Nothing but the pictures should be dropped; repeat the rest of the data below exactly.

▶ _The data_
################

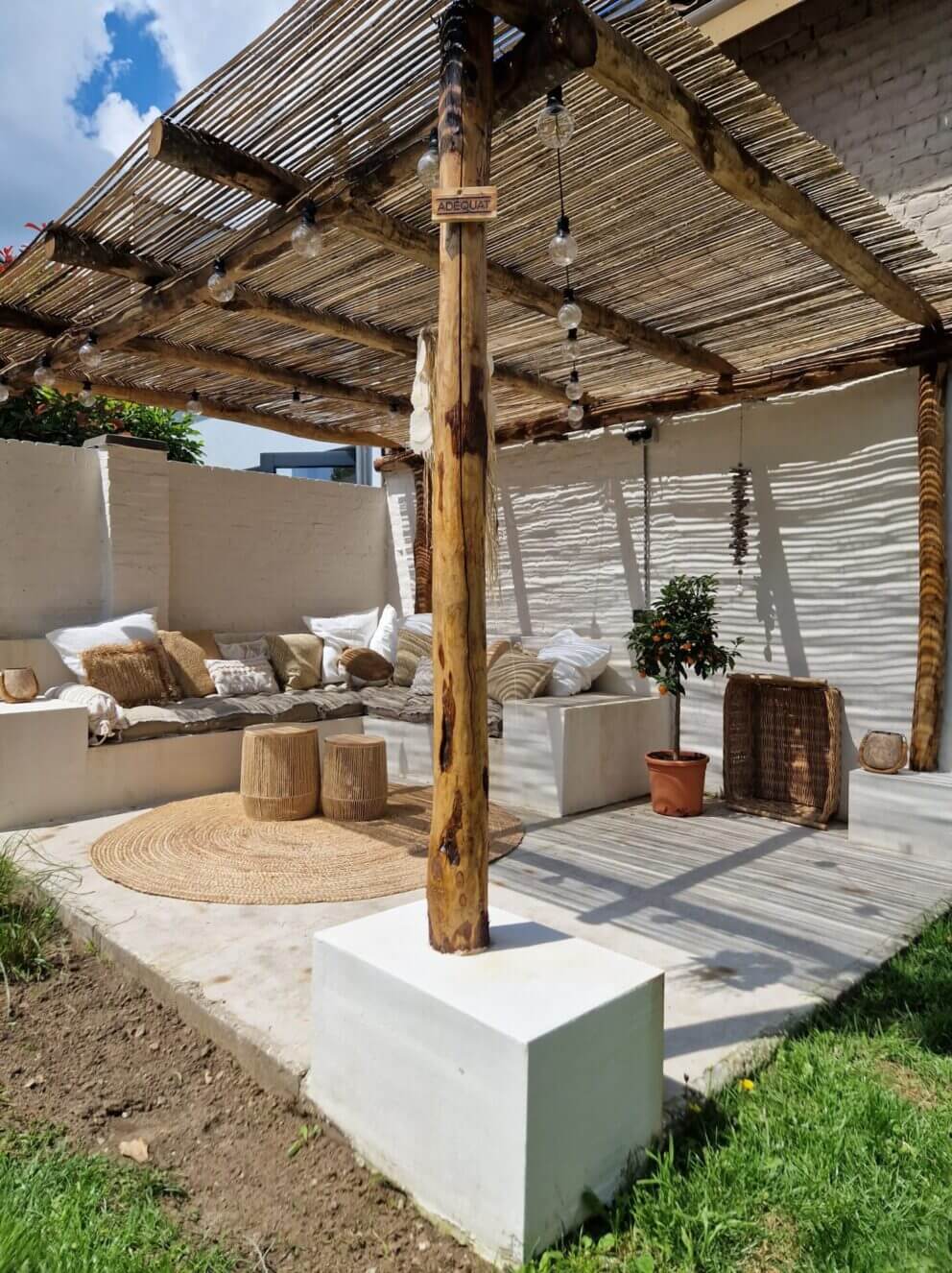 Pergola gemaakt van kastanje palen met een diameter van 10/12 cm in de lengtes 200, 250, 300 en 400 cm in Ibiza stijl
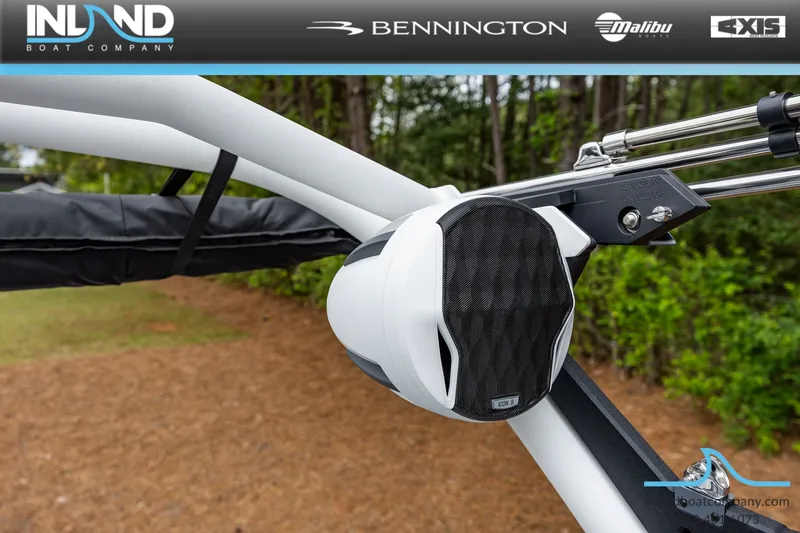 Slide: The Image of Malibu Wakesetter 22 LSV 2025 - 8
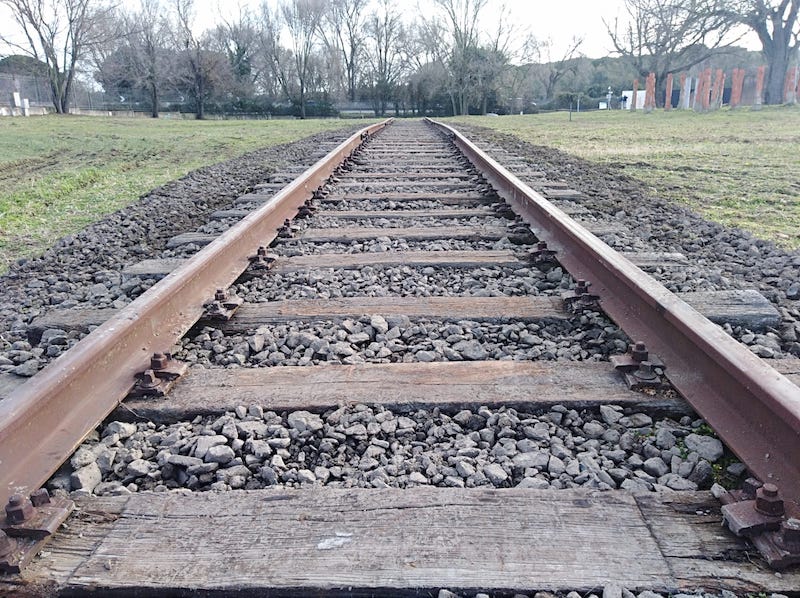 “Arte in memoria”: la mostra al Parco Archeologico di Ostia Antica prorogata fino al 28 aprile 2019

################

▶ _Exercise output_
 Pergola gemaakt van kastanje palen met een diameter van 10/12 cm in de lengtes 200, 250, 300 en 400 cm in Ibiza stijl
 Slide: The Image of Malibu Wakesetter 22 LSV 2025 - 8
 “Arte in memoria”: la mostra al Parco Archeologico di Ostia Antica prorogata fino al 28 aprile 2019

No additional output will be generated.